───── Material for the task ─────

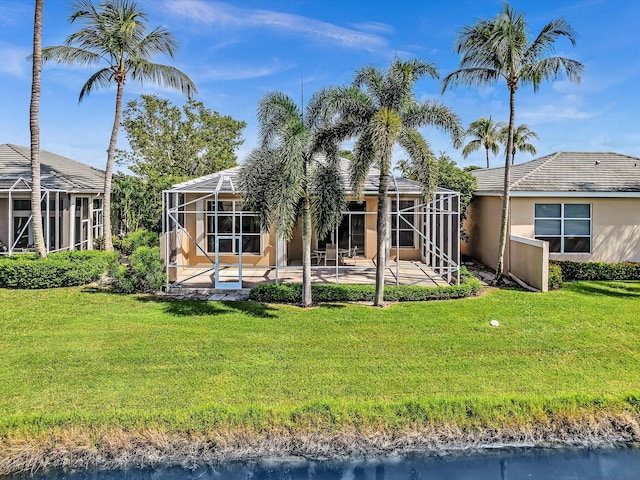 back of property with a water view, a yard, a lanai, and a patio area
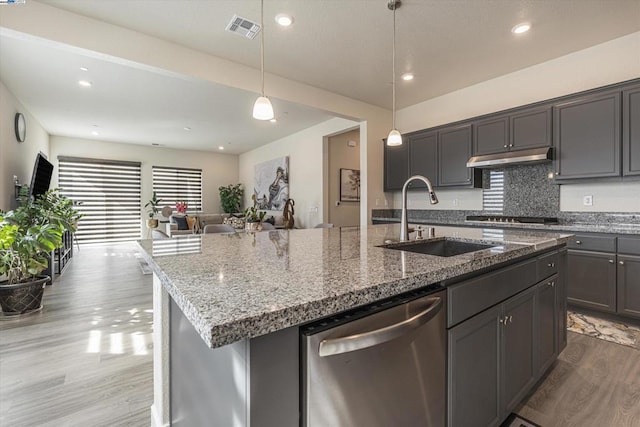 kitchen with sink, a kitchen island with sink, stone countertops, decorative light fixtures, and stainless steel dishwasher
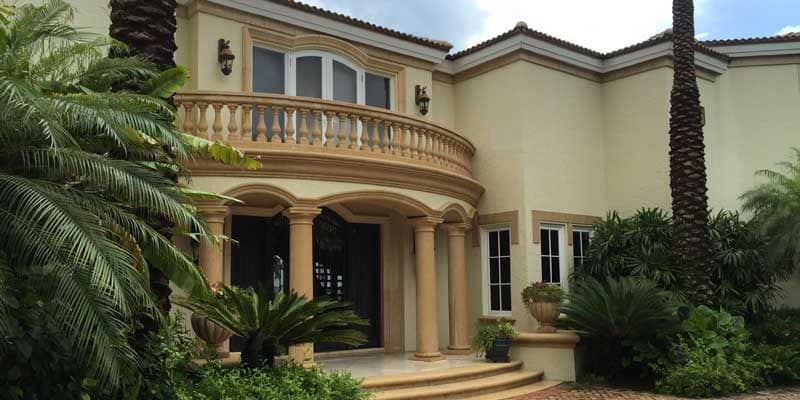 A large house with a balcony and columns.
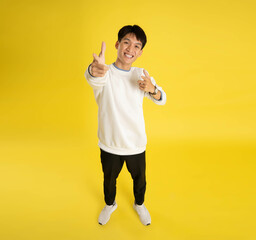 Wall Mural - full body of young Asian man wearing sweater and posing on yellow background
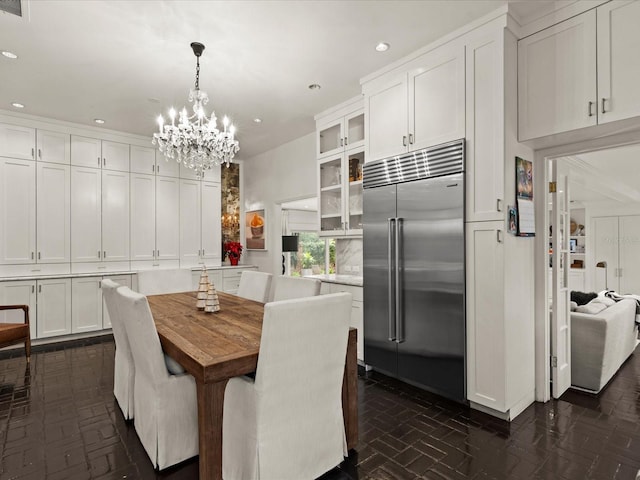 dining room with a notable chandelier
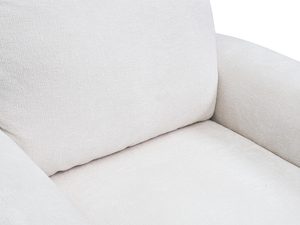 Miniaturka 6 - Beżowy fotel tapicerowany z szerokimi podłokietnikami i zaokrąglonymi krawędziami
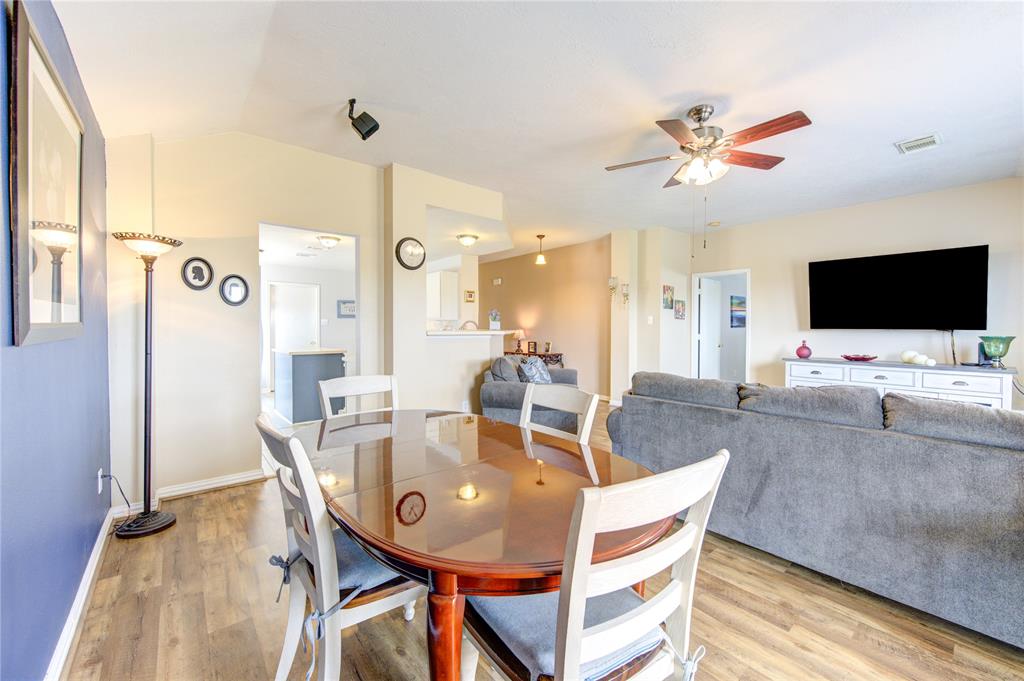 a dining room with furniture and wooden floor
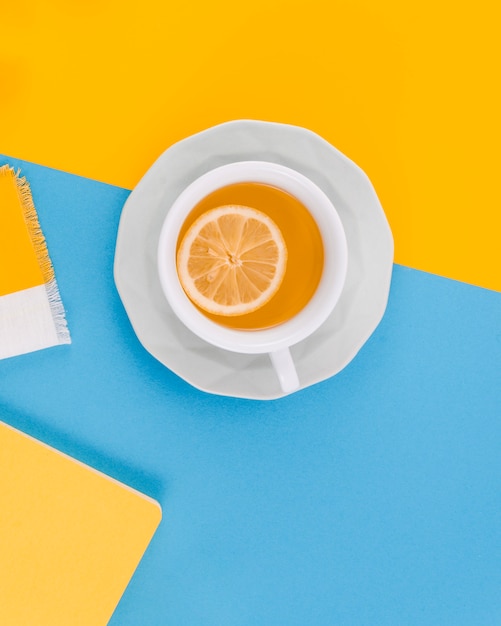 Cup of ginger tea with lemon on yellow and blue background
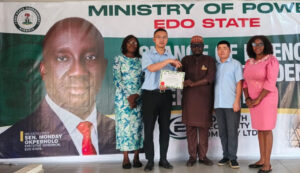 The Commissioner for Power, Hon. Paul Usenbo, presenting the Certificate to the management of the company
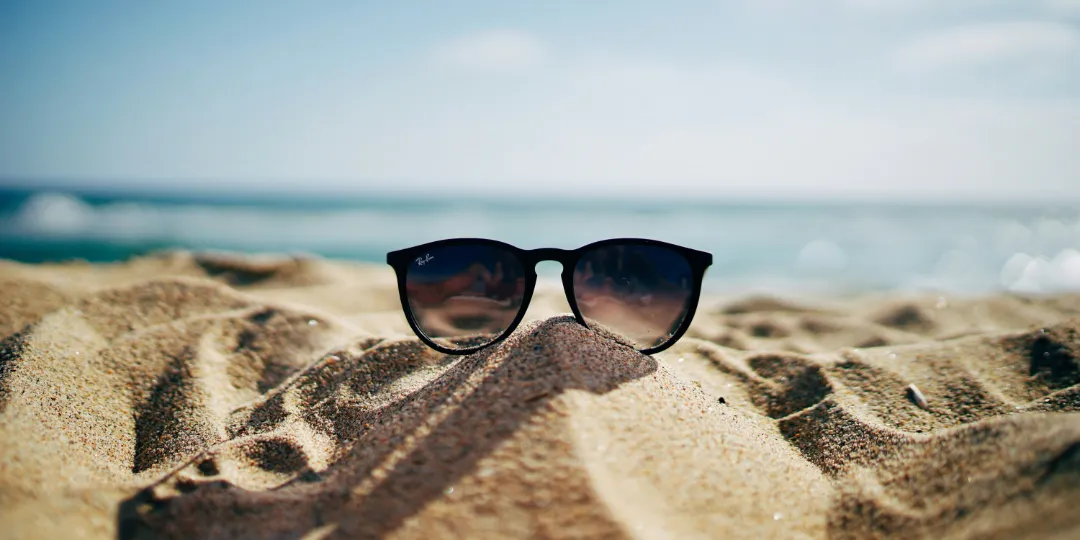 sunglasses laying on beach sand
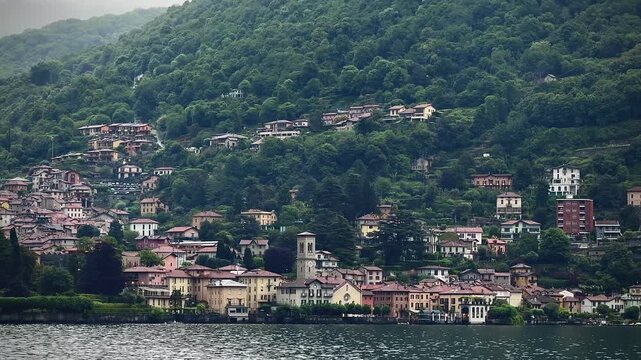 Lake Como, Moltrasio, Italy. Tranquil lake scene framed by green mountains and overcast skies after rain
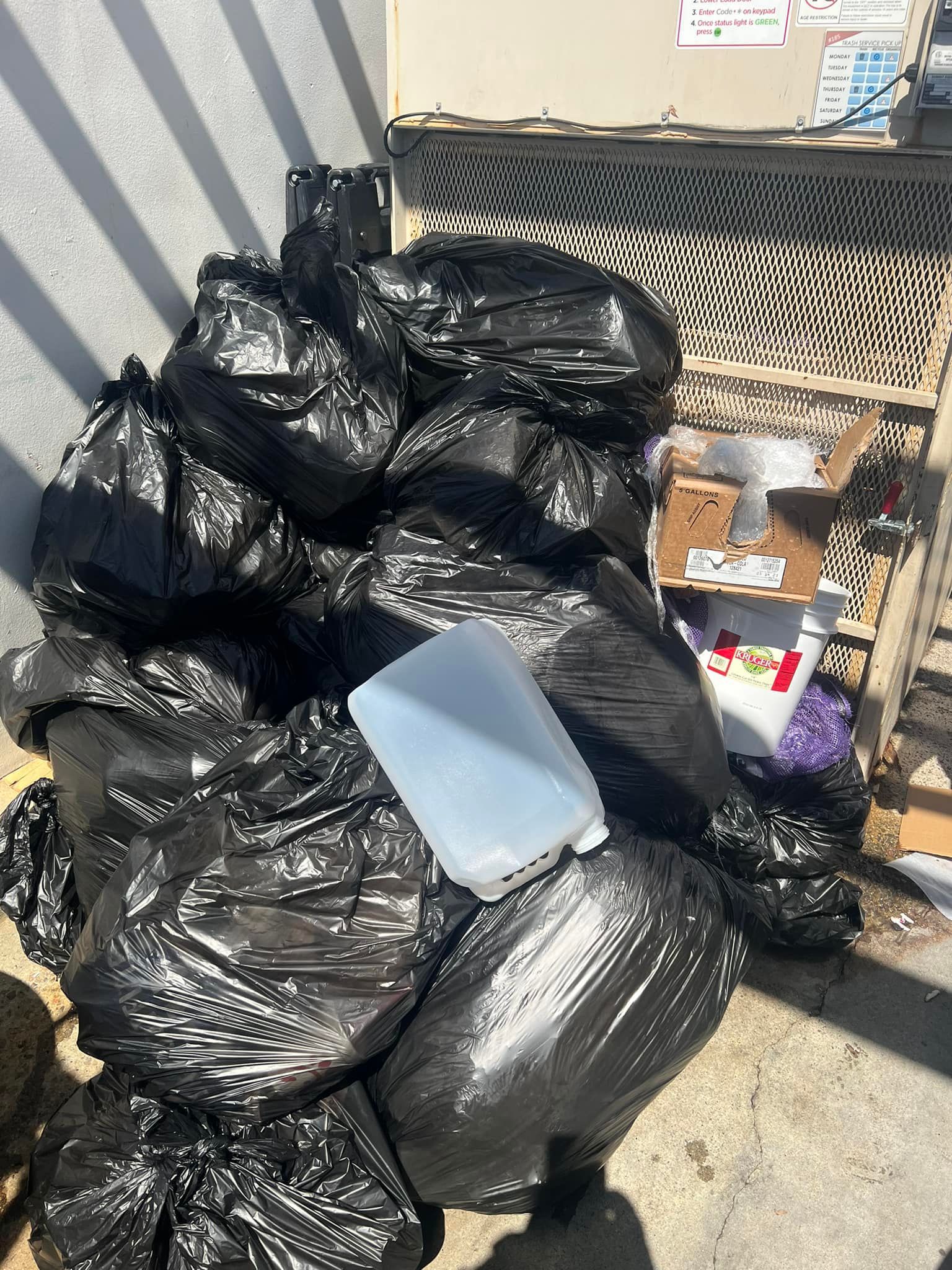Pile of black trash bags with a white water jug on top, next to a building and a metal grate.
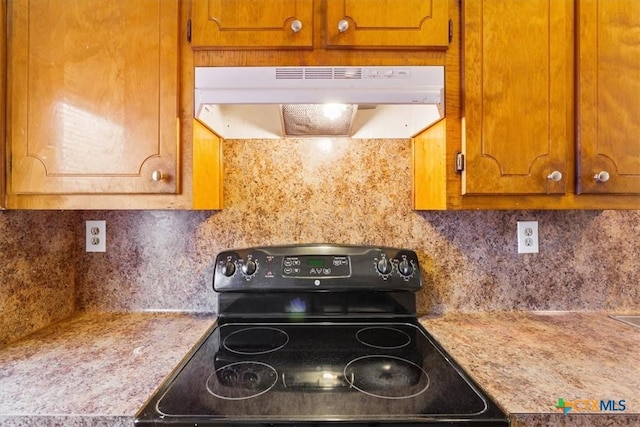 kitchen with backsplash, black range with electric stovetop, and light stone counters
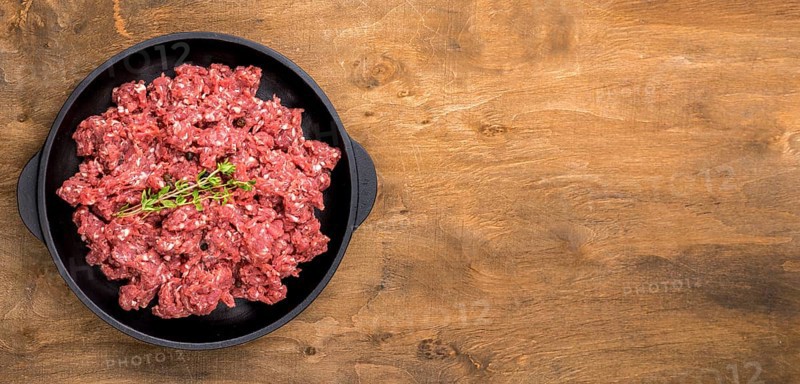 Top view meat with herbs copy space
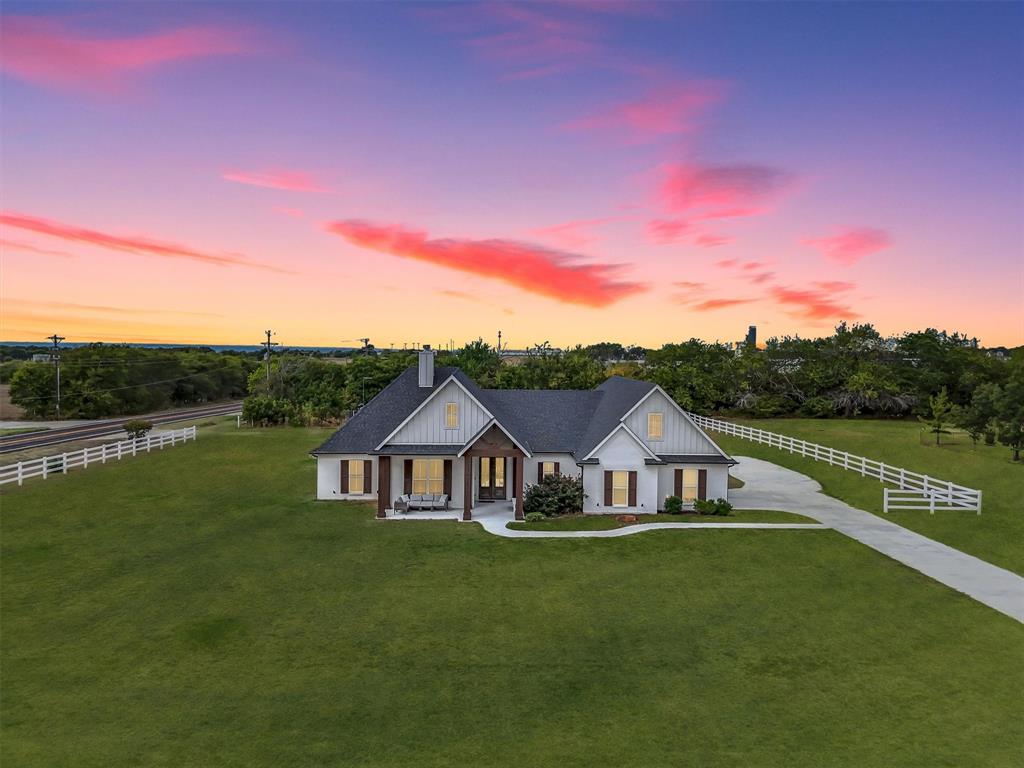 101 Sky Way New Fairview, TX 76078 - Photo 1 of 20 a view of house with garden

─────

Task brief =
What is needed is a word-for-word copy of the lines from the start of the data to the line with "sunglasses laying on beach sand", inclusive, with no pictures in it.

Solution for this problem =
 back of property with a water view, a yard, a lanai, and a patio area
 kitchen with sink, a kitchen island with sink, stone countertops, decorative light fixtures, and stainless steel dishwasher
 A large house with a balcony and columns.
 Wall Mural - full body of young Asian man wearing sweater and posing on yellow background
 dining room with a notable chandelier
 Miniaturka 6 - Beżowy fotel tapicerowany z szerokimi podłokietnikami i zaokrąglonymi krawędziami
 a dining room with furniture and wooden floor
 Cup of ginger tea with lemon on yellow and blue background
 The Commissioner for Power, Hon. Paul Usenbo, presenting the Certificate to the management of the company
 sunglasses laying on beach sand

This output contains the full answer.